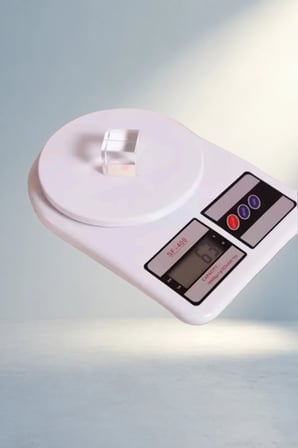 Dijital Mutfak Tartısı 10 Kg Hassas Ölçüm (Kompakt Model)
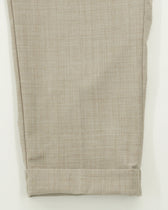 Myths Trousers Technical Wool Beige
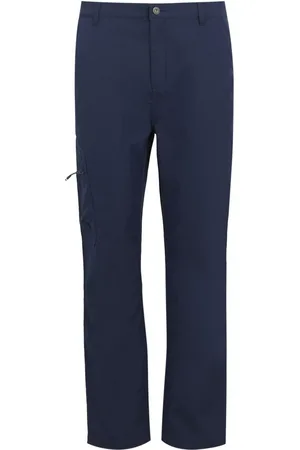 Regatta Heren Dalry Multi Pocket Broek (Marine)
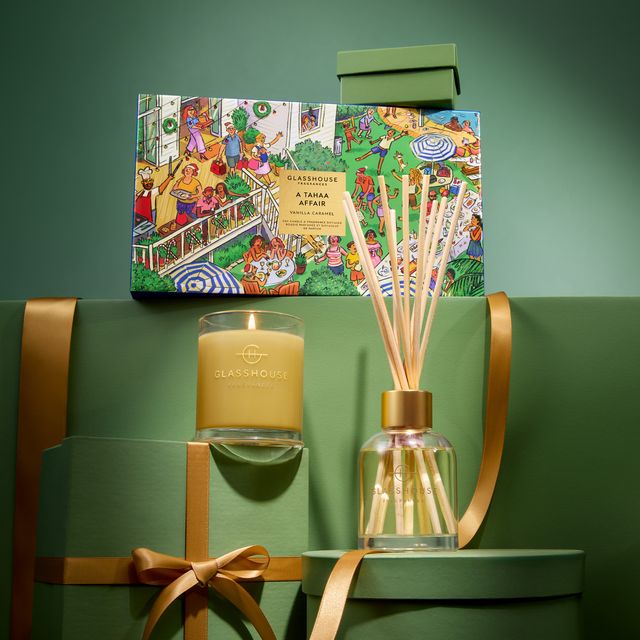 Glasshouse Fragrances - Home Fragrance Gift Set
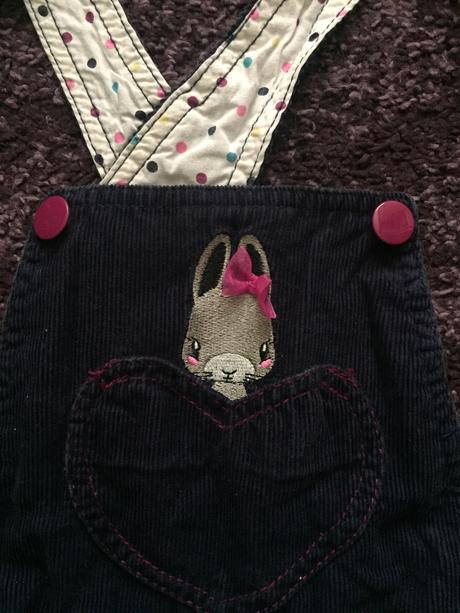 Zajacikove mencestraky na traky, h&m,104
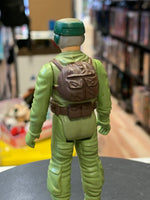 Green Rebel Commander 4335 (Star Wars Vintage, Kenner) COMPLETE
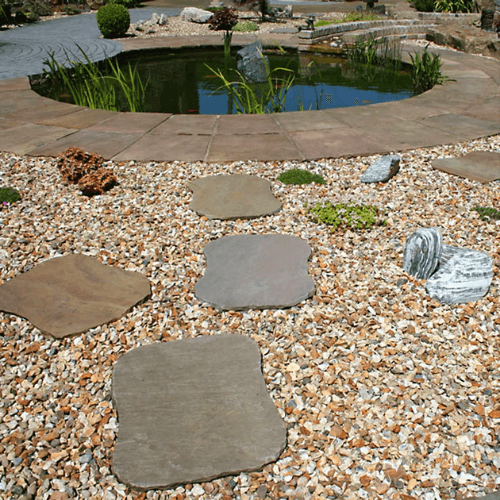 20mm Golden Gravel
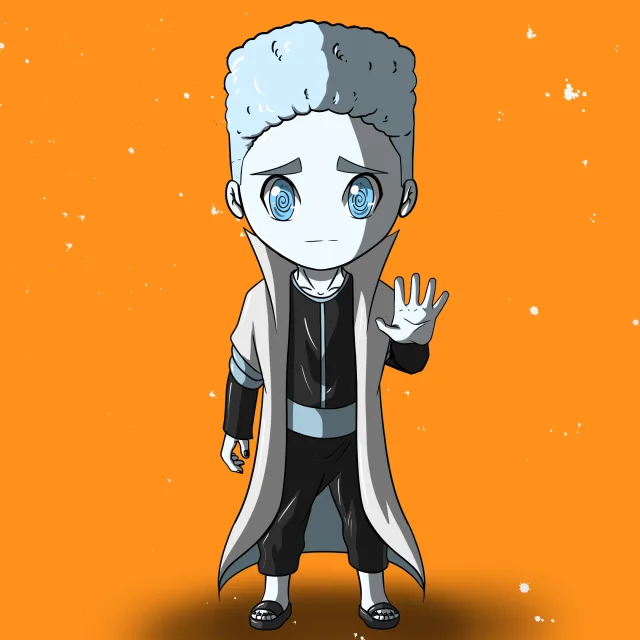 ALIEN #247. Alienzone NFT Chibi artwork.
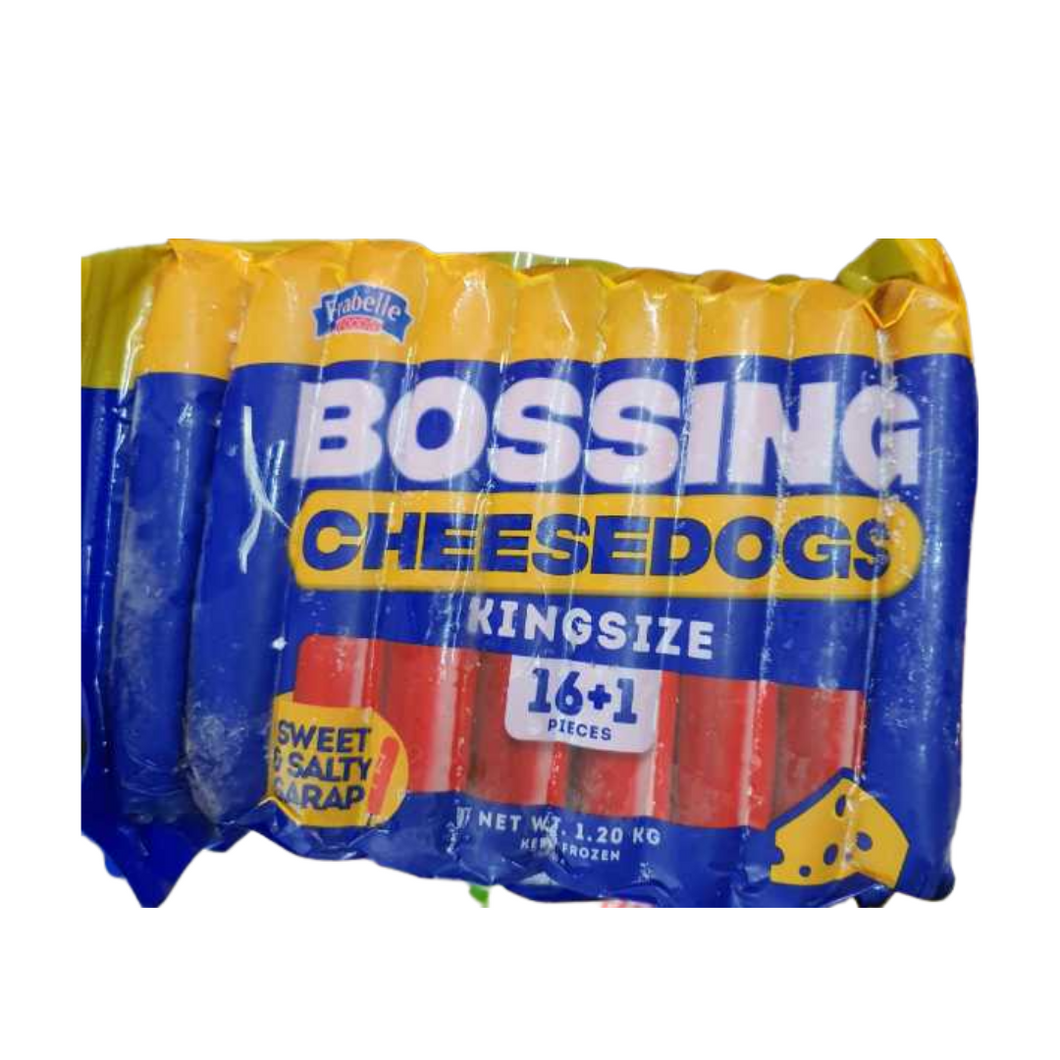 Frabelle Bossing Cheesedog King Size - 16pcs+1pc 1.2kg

#####

**Task item**
Pictures are to be omitted. Output verbatim only the lines from the one holding "20mm Golden Gravel" through the end of the material, both included.

**Exercise output**
 20mm Golden Gravel
 ALIEN #247. Alienzone NFT Chibi artwork.
 Frabelle Bossing Cheesedog King Size - 16pcs+1pc 1.2kg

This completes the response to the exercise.